- **Aim of the exercise**
Print exactly the lines below between the line holding "Croissance France 2026" and the line holding "Badajoz Print Black", inclusive, and nothing more.

- **Dataset records**
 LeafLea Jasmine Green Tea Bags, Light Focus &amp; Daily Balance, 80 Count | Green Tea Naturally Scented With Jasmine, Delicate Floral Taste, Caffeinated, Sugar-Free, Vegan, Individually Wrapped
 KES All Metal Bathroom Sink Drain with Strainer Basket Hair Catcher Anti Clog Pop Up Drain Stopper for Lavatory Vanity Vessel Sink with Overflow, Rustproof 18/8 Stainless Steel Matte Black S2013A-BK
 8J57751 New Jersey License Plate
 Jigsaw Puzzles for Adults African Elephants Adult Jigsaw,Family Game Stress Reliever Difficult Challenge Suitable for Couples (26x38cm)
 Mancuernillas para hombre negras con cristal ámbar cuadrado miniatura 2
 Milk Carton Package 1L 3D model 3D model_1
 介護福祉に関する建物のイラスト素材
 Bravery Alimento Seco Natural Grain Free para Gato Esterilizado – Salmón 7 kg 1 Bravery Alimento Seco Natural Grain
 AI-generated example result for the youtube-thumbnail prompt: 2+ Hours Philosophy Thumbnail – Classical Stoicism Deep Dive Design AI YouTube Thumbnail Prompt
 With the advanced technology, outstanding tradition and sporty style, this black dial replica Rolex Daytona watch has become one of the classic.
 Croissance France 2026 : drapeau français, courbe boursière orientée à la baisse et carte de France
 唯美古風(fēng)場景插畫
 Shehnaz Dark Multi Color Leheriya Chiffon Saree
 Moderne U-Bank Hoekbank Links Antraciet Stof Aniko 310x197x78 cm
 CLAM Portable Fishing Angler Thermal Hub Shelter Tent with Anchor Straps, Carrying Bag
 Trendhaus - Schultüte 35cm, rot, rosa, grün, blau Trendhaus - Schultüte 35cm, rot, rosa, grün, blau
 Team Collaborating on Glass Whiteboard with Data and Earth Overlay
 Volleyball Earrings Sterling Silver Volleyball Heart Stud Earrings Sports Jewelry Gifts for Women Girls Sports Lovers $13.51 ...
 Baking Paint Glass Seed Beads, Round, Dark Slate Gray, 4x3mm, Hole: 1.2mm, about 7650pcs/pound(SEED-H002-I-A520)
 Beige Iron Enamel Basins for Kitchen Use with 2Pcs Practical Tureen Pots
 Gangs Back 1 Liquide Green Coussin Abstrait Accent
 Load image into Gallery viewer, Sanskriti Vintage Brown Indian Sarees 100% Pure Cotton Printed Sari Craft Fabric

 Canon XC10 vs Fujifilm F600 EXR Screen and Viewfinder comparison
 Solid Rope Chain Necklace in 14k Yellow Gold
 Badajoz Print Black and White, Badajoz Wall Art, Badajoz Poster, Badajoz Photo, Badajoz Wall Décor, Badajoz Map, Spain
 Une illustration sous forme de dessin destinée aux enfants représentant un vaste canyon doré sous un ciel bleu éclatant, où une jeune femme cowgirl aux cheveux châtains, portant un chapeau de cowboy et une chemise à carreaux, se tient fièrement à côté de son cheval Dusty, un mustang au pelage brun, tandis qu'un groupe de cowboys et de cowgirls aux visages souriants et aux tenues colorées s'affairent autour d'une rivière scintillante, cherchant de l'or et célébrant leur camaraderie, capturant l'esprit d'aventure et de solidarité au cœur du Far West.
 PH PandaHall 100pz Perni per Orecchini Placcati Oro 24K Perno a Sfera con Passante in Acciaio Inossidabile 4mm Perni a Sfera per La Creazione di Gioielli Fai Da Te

- **Written solution**
 Croissance France 2026 : drapeau français, courbe boursière orientée à la baisse et carte de France
 唯美古風(fēng)場景插畫
 Shehnaz Dark Multi Color Leheriya Chiffon Saree
 Moderne U-Bank Hoekbank Links Antraciet Stof Aniko 310x197x78 cm
 CLAM Portable Fishing Angler Thermal Hub Shelter Tent with Anchor Straps, Carrying Bag
 Trendhaus - Schultüte 35cm, rot, rosa, grün, blau Trendhaus - Schultüte 35cm, rot, rosa, grün, blau
 Team Collaborating on Glass Whiteboard with Data and Earth Overlay
 Volleyball Earrings Sterling Silver Volleyball Heart Stud Earrings Sports Jewelry Gifts for Women Girls Sports Lovers $13.51 ...
 Baking Paint Glass Seed Beads, Round, Dark Slate Gray, 4x3mm, Hole: 1.2mm, about 7650pcs/pound(SEED-H002-I-A520)
 Beige Iron Enamel Basins for Kitchen Use with 2Pcs Practical Tureen Pots
 Gangs Back 1 Liquide Green Coussin Abstrait Accent
 Load image into Gallery viewer, Sanskriti Vintage Brown Indian Sarees 100% Pure Cotton Printed Sari Craft Fabric

 Canon XC10 vs Fujifilm F600 EXR Screen and Viewfinder comparison
 Solid Rope Chain Necklace in 14k Yellow Gold
 Badajoz Print Black and White, Badajoz Wall Art, Badajoz Poster, Badajoz Photo, Badajoz Wall Décor, Badajoz Map, Spain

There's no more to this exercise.